Personal information
- Born: 6 October 1938
- Died: 17 December 2003 (aged 65)

Playing information
- Position: Prop
Club
| Years | Team | Pld | T | G | FG | P |
|  | Gympie |  |  |  |  |  |
| 19??–6? | Norths (Brisbane) |  |  |  |  |  |
| 1964–69 | North Sydney | 115 | 13 | 0 | 0 | 39 |
|  | Total | 115 | 13 | 0 | 0 | 39 |
Representative
| Years | Team | Pld | T | G | FG | P |
| 1962 | Queensland | 1 | 0 | 0 | 0 | 0 |
| 1965–66 | Australia | 3 | 1 | 0 | 0 | 3 |
| 1966 | City NSW | 1 | 0 | 0 | 0 | 0 |

= Lloyd Weier =

Australia international rugby league footballer

Lloyd Weier (1938–2003) was an Australian professional rugby league footballer who played in the 1960s. A Queensland state and Australia national representative forward, he played his club football in the Brisbane Rugby League premiership for Norths and in the NSWRFL Premiership for North Sydney

Weier had played for Bundaberg and Gympie before joining the Brisbane Rugby League premiership with the Northern Suburbs club. With them he won the 1961 grand final against Brothers. The following year Weier played one match for Queensland against New South Wales.
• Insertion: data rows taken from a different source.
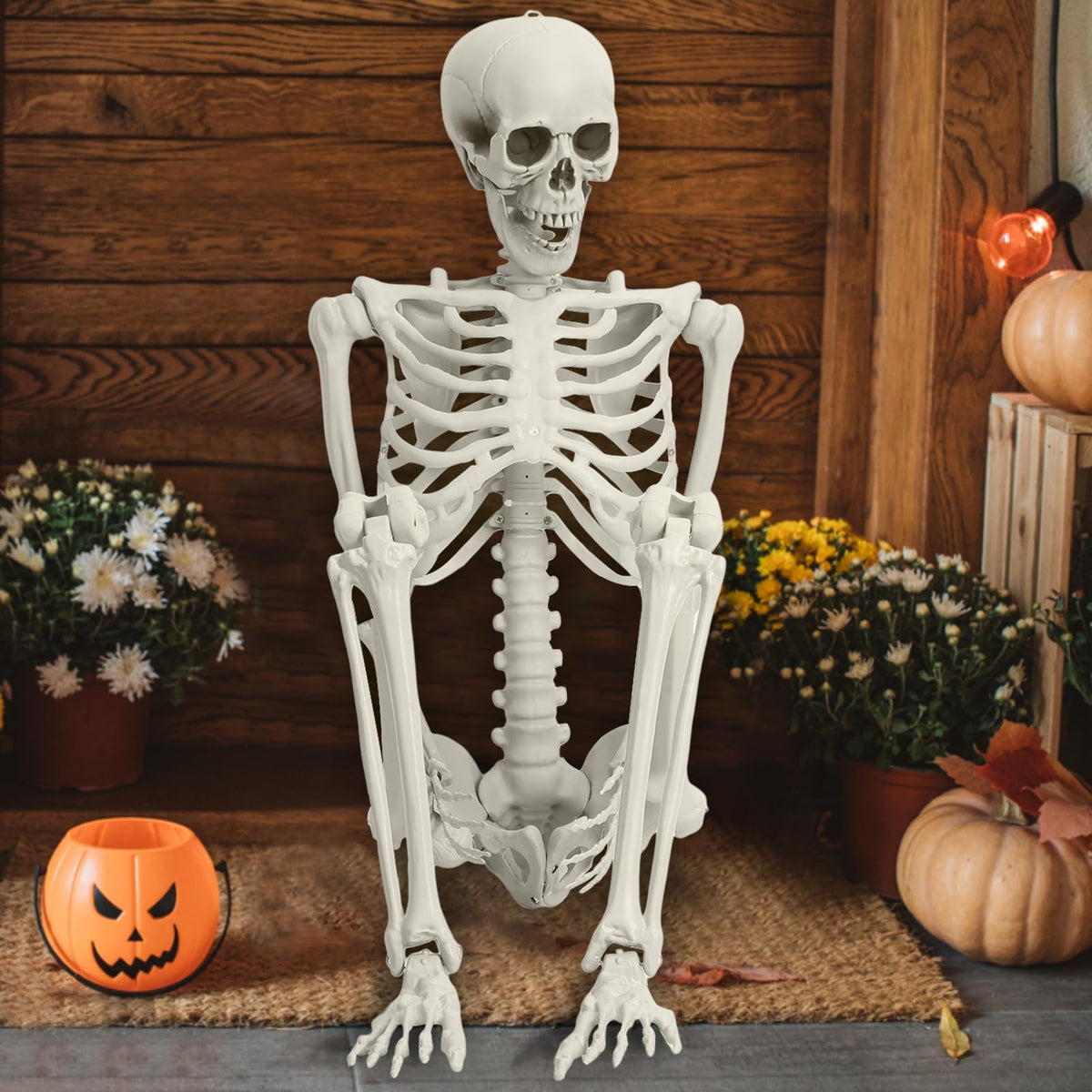 5.4FT 170cm Life Size Posable Skeleton with Movable Joints F146208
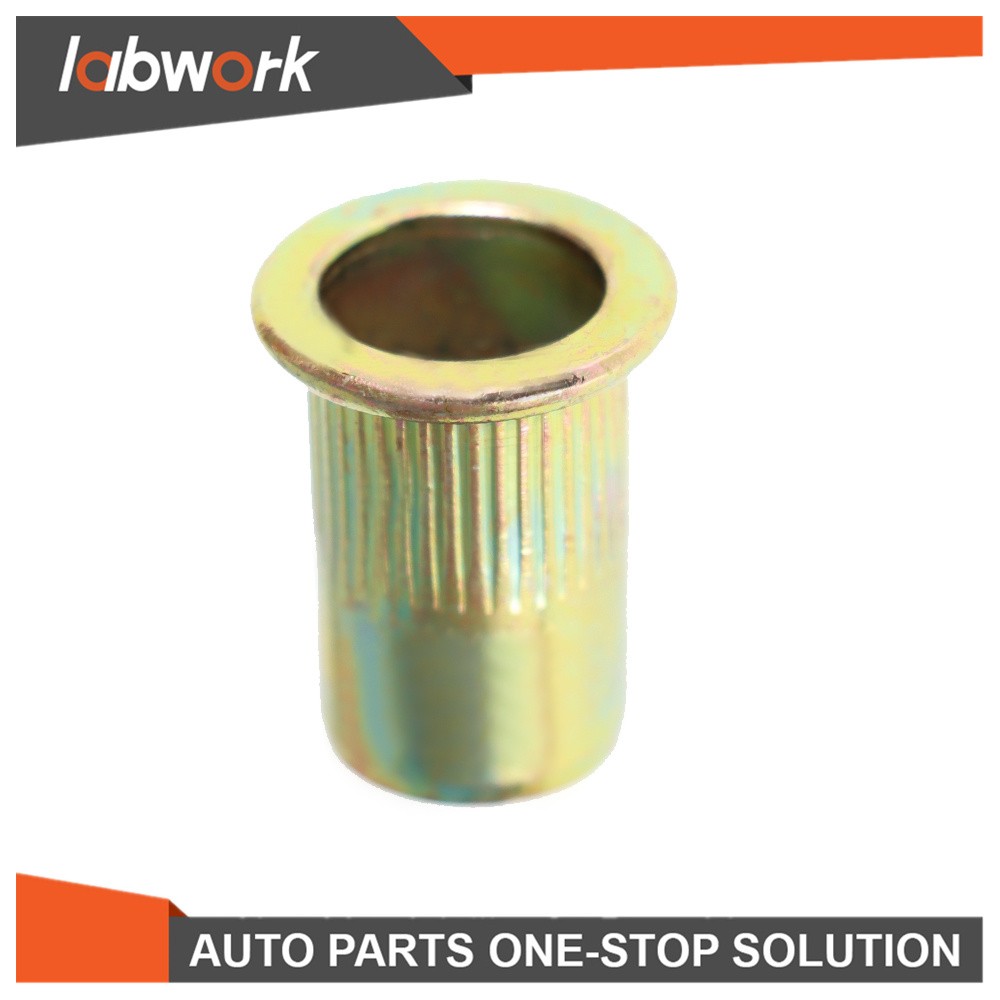 Labwork Rivet Nut Gun Kit Rivnut Tool Setter Thread Setting Nutsert Tool 900 Pcs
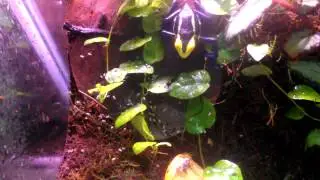 Dendrobates Tinctorious Cobalt feeding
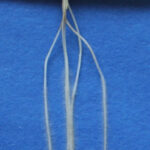 A variation in the angle of root growth can affect the way roots anchor to, and explore, different soil layers to capture nutrients and water. This could open up opportunities for breeding more drought-resistant varieties. | Phys.org/Gwendolyn Kirschner photo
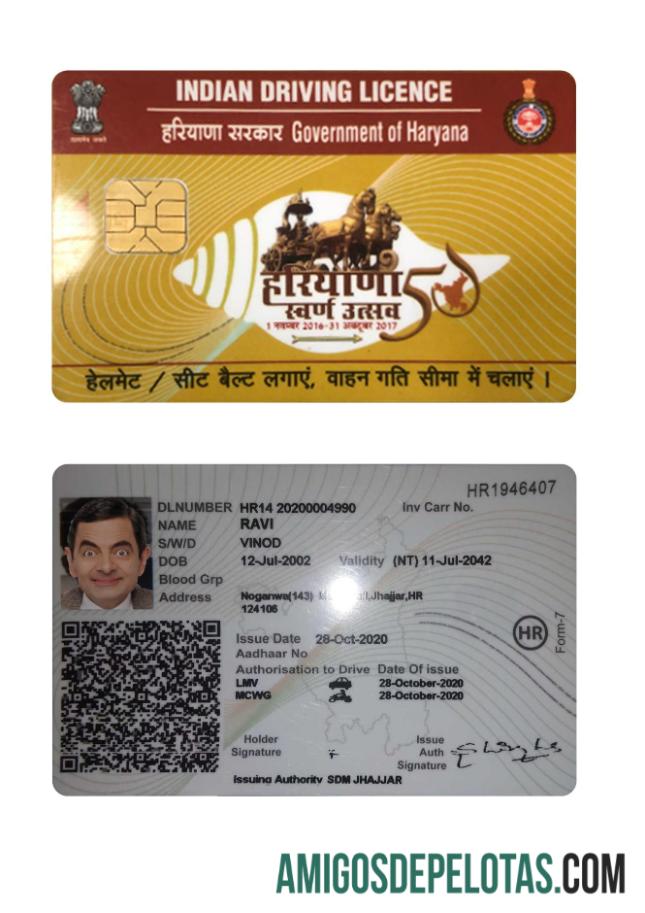 Carta de condução do estado de Haryana na Índia exemplo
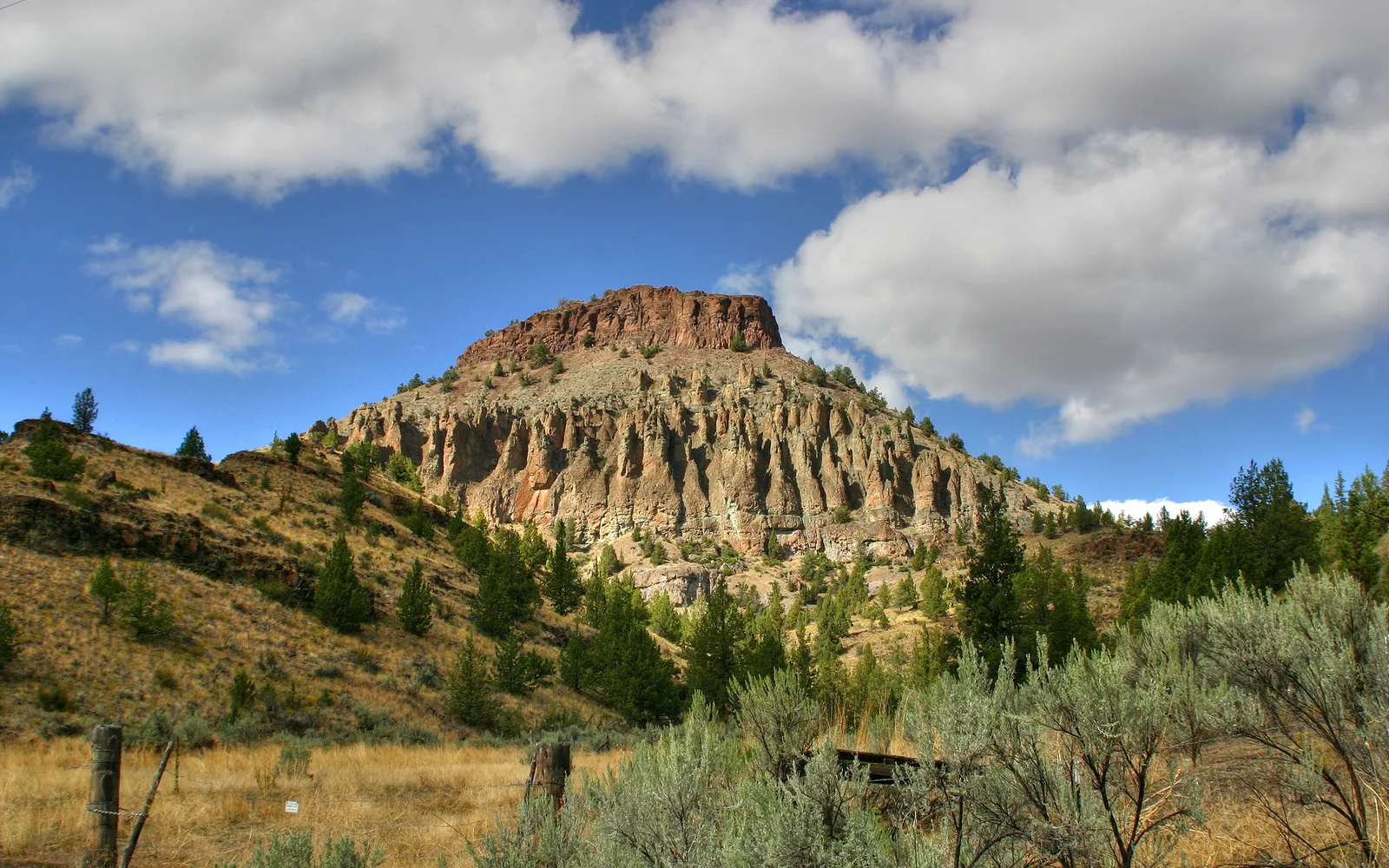 A large, eroded rocky butte with vertical striations, surrounded by dry grass and scattered pine trees under a blue sky with white clouds.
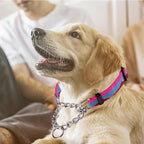 Martingale Dog Collars with Stainless Steel Chain, Reflective No Pull Walking Training Collar with Quick Release Buckle, Adjustable Slip Chain Nylon Dog Collars for Small Medium Large Dogs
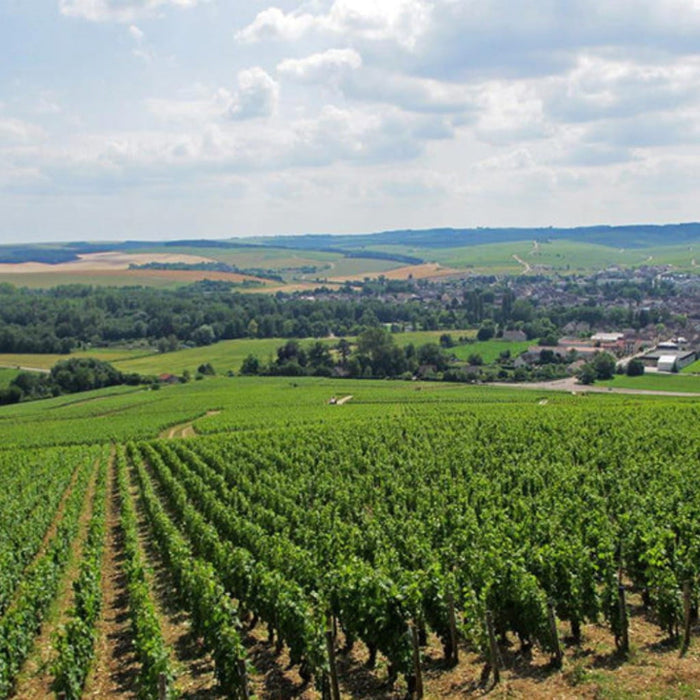Domaine Christian Moreau, Chablis 2024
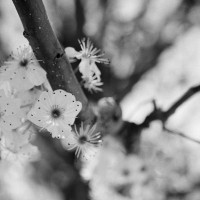 20160313 1809 testing the FE ©JamesECockroft 3643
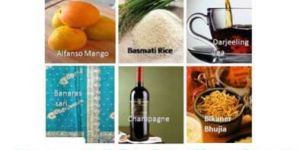 Geographical Indication Service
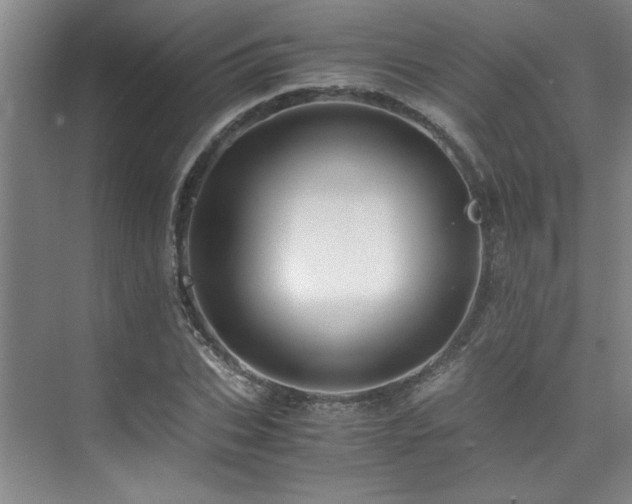 X0000075840927200609151300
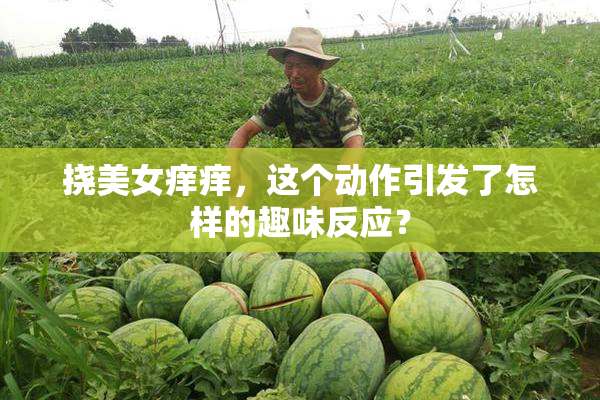 挠美女痒痒，这个动作引发了怎样的趣味反应？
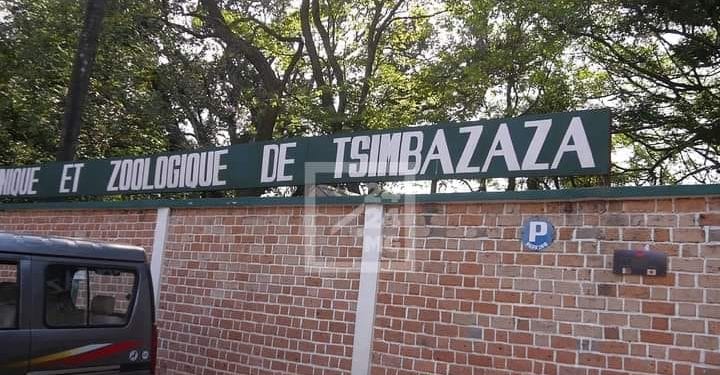 ENVIRONNEMENT – Huit lémuriens « Sifaka » meurent de la tuberculose au parc botanique et zoologique de Tsimbazaza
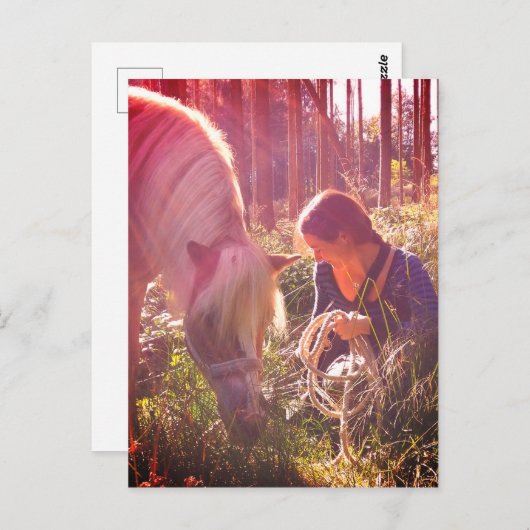 Pony im Wald ポストカード (正面/裏面)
Weier joined the New South Wales Rugby Football League premiership club North Sydney in 1964. He becoming Kangaroo No. 378 when selected to go on Australia's 1965 tour of New Zealand and playing two Test matches. He also was selected to play in the City New South Wales rugby league team the following year. After six seasons with North Sydney Weier retired at the end of the 1969 NSWRFL season.

In 2008 Weier was named in the front row of the Norths Devils' 75-year anniversary greatest ever side.